With that foundation in place, Trajectory now runs its RL training loops on reliable, agent-native sandbox infrastructure. For every customer, Michael and his team use Daytona’s Snapshots feature to pre-configure sandboxes that replicate relevant tools, repositories, and workflows. In one deployment, they replicated a customer’s Salesforce instance, product documentation, and FAQs so agents could train on the same systems used in production.

These reusable templates eliminate repetitive setup work, unlocking faster sandbox provisioning. Combined with Daytona’s warm pool of snapshot-based sandboxes, startup times have dropped from 30 minutes to seconds. That speed enables Trajectory to run RL training loops at the pace their pipeline demands, accelerating model iteration and increasing training throughput.

Once provisioned, each sandbox runs for as long as a task requires. Throughout that window, it remains fully stateful, so modified files, actions, and context accumulated by the agent are preserved in real time. That continuity means each training cycle produces a more capable, accurate, and cost-efficient model than the last.

Critically, that performance scales. Daytona runs directly on bare metal with a proprietary scheduler, bypassing the overhead of traditional VM orchestration. This architecture enables Trajectory’s engineers to provision thousands of sandboxes in parallel, each one fully isolated to ensure reproducible results.

With Daytona’s integrated lifecycle controls, sandboxes are torn down automatically, freeing RAM, CPU, and storage. At the volume Trajectory operates, that precision keeps compute consumption tightly coupled to active training work. In turn, Michael can redeploy these resources toward new training runs.

Beyond the infrastructure itself, Daytona has become a strategic partner in Trajectory’s RL operations.
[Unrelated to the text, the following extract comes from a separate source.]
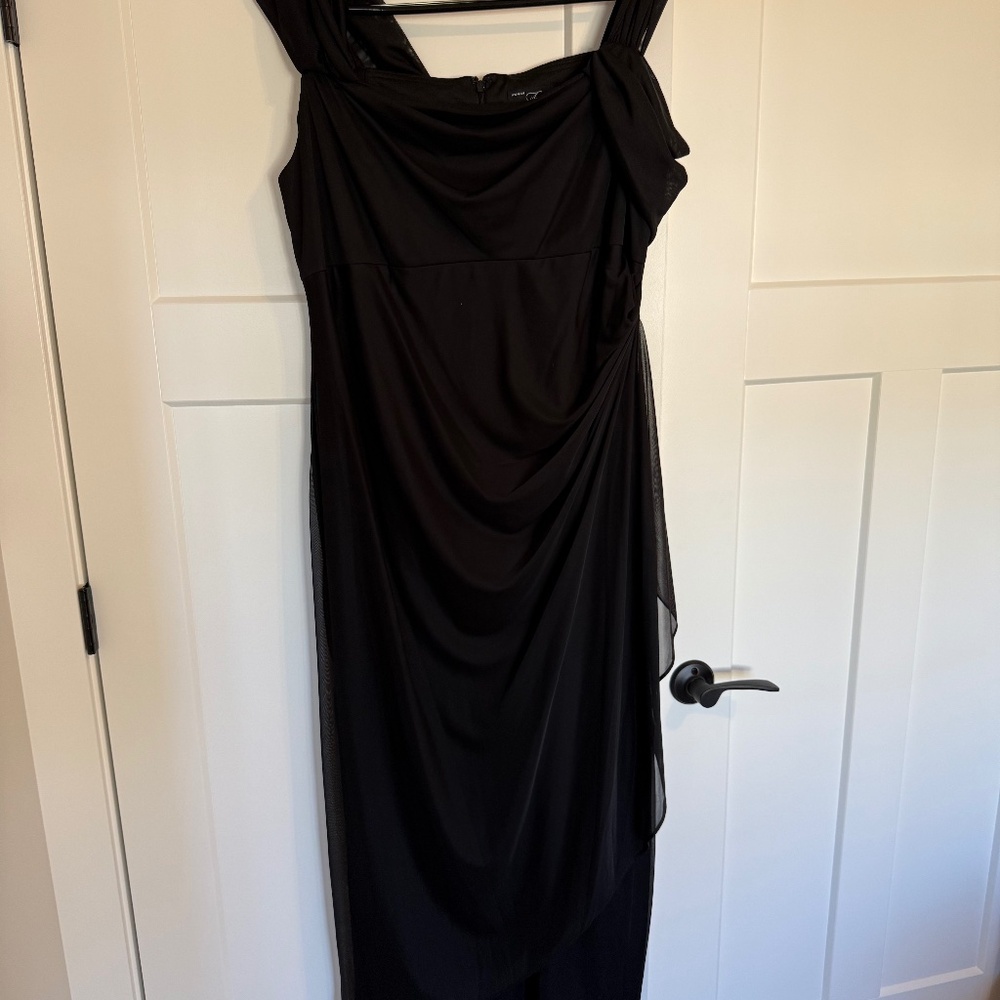 Women’s formal dress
Even after integration, the team remains closely involved, answering questions within minutes and conducting proactive check-ins. And because Daytona’s stack provides deep visibility into sandbox behavior, Trajectory’s engineers gain the insights they need to optimize performance and iterate across their RL pipelines.
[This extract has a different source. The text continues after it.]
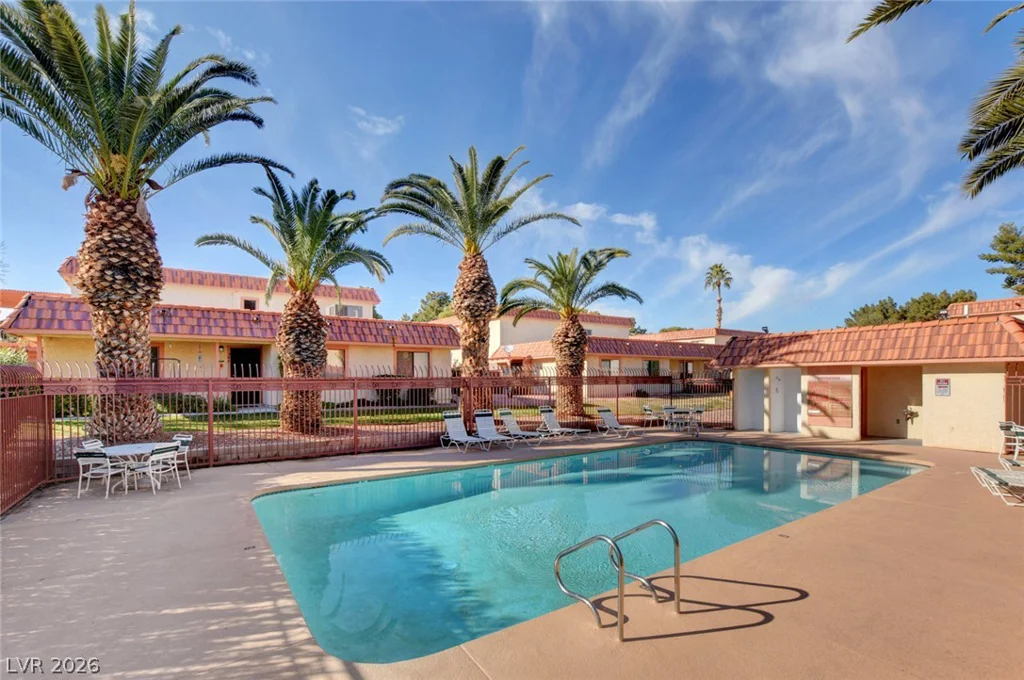 1812 Plum, Henderson, NV 89014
Daytona lets us spin up environments that used to take up to 30 minutes in under five seconds. And we can do that for thousands of sandboxes at once, which is what makes efficient RL post-training possible.

Michael Elabd

Co-Founder and CTO of Trajectory

03 -- RESULT

Trajectory Provisions 700k Sandboxes With Daytona

With Daytona, Trajectory turns real-world production interactions into frontier-grade models that continuously improve their customers' products. By provisioning thousands of concurrent sandboxes on demand, Michael and his team run RL training at the pace continual learning requires, accelerating model optimization for every customer.

99.6% faster sandbox provisioning
700k sandboxes provisioned with Daytona
15+ hours of engineering time saved monthly

Looking ahead, Michael expects Trajectory’s reliance on Daytona to deepen as the team scales continual learning to more customers and more complex environments. As Trajectory brings an intelligence layer to more products, Daytona remains a key partner that frees Michael and his team to focus on model enhancements rather than infrastructure management.